Moonshine: A throwback with a modern touch. (photo credit: Courtesy)
Moonshine: A throwback with a modern touch.
(photo credit: Courtesy)
Where do they come from? These young Israeli musicians who sound like they’ve listened to and digested the entire Paul Simon, Crosby, Still & Nash, and Joni Mitchell songbooks?
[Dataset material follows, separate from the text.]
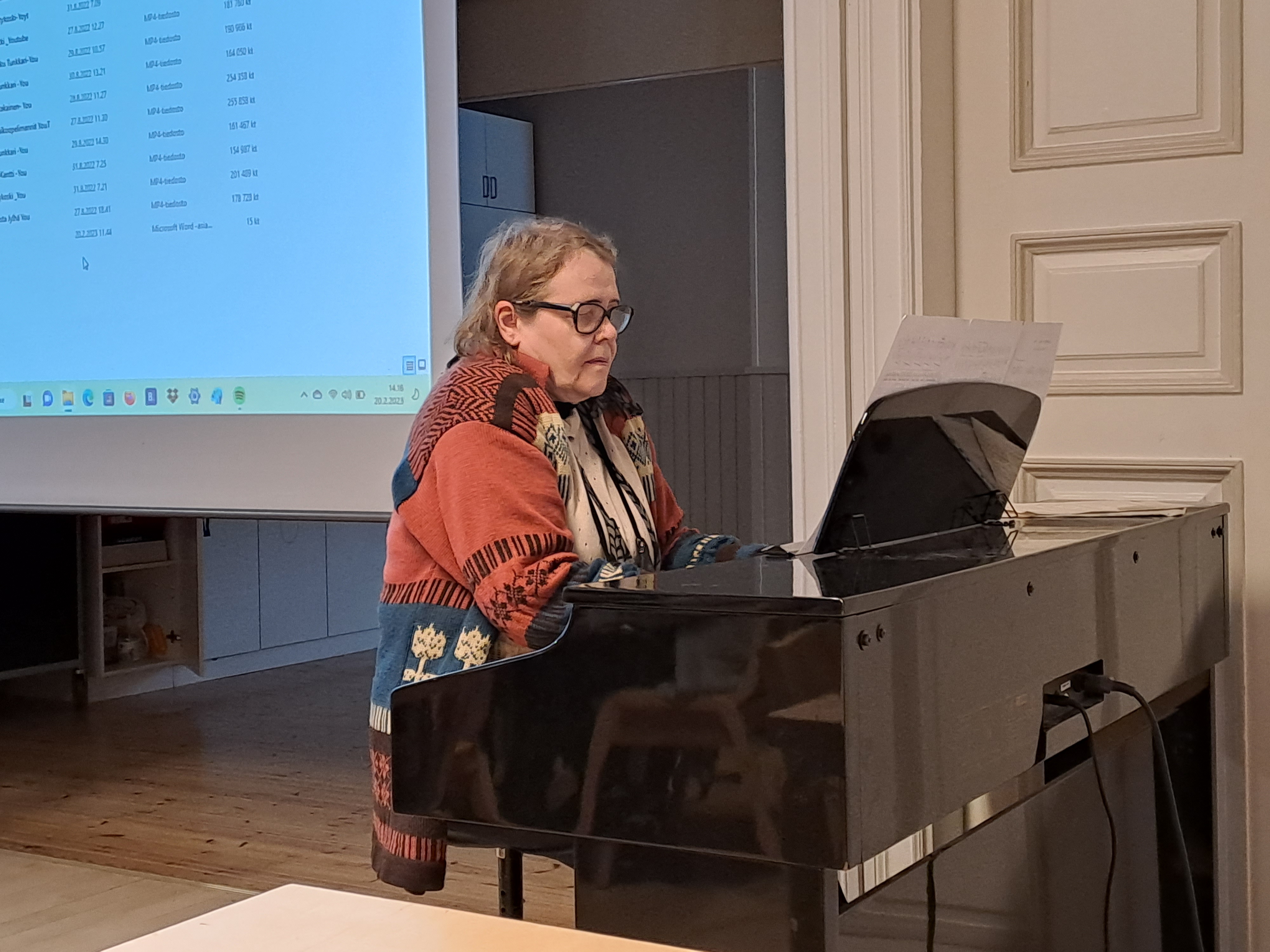 Liisa Witikka esitti pianomusiikkia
Well, in Oshri Biton’s case, it’s the last place you’d look – Kiryat Motzkin, the nondescript Haifa satellite town. But it was later, at the prestigious Rimon School of Music, where the 26-year-old Biton found some like-minded fellow musicians. After graduating nearly two years ago, they’ve rallied around Biton’s tuneful, intense songs to create one of Israel’s most promising quintets – the Americana/indie folk band Moonshine
With songwriter/guitarist/vocalist Biton and co-singer Coral Oulo blending harmonies like an angelic Everly Brothers, and driving rhythm section that recalls Mumford and Sons at times, Moonshine have built a solid repertoire of English-language gems that both rock and caress.
“Everyone brings different influences to the mix. Coral grew up in Japan and went to private English school, where she discovered R&B and soul, our guitarist Omer Yihye likes fusion and jazz, the bassist is into techo,” said Biton, who professes a love of songwriting masters like Leonard Cohen and Bob Dylan. “All the components come together to make us sound both classic and current.”
A causal listen to songs from their debut 2019 EP Come back Home, like the country-infused rave up title song, the Simon & Garfunkle-tinged “In Our Hearts” and the sensitive “Take My Longing” – or even better – hearing them live in concert backs up that claim. The songs are both timeless and modern.
Biton said that he writes with Dylan, Simon and Cohen in his mind because of two things he gets from their music: “honesty and sincerity.”
“When you hear their music, it sounds real and it speaks to me. And they write beautiful songs,” added Biton.
Unlike Jane Bordeaux, perhaps the closest precursor on the Israeli pop landscape, Moonshine performs in English (aside from a couple of Hebrew songs) because the feel and timbre of the songs lend themselves to English, explained Biton.
“There’s a more emotional connection to the sound when it’s in English,” he said, adding that it was also a tool to help the band eventually expand beyond Israel’s borders. “But it’s important for us to build a base here. It’s where we live and where we want to be.”
At a recent appearance at the monthly Jerusalem Folk Club in Jerusalem, an abridged edition of the band with Biton, Oulu and Yiyhe enthralled the crowd, consisting mostly of grizzled Anglo-folkies twice or three times their age, with an intimate, quiet set showcasing their musicianship and vocal prowess.
For Biton, it was a welcome surprise to be accepted by an audience who had experienced the “real thing” back in the ‘60s and ‘70s, rather than their usual Tel Aviv audience made up of contemporaries.
“I think we’re somewhat of a gateway between the folk club community and a younger generation that simply likes good music. From looking at our Spotify and Apple Music profiles, we have a young audience,” said Biton.
The full-band version of Moonshine will be appearing on February 15 at the Ozen Bar in Tel Aviv, and March 6 at the Singing @Neve Shalom weekend taking place at the moshav between Jerusalem and Tel Aviv.
“We give 200% because we know that we have to work harder than musicians elsewhere to succeed,” said Biton. “We don’t have a backup plan because we believe in what we’re doing.”
After a listen to Moonshine, you’ll agree.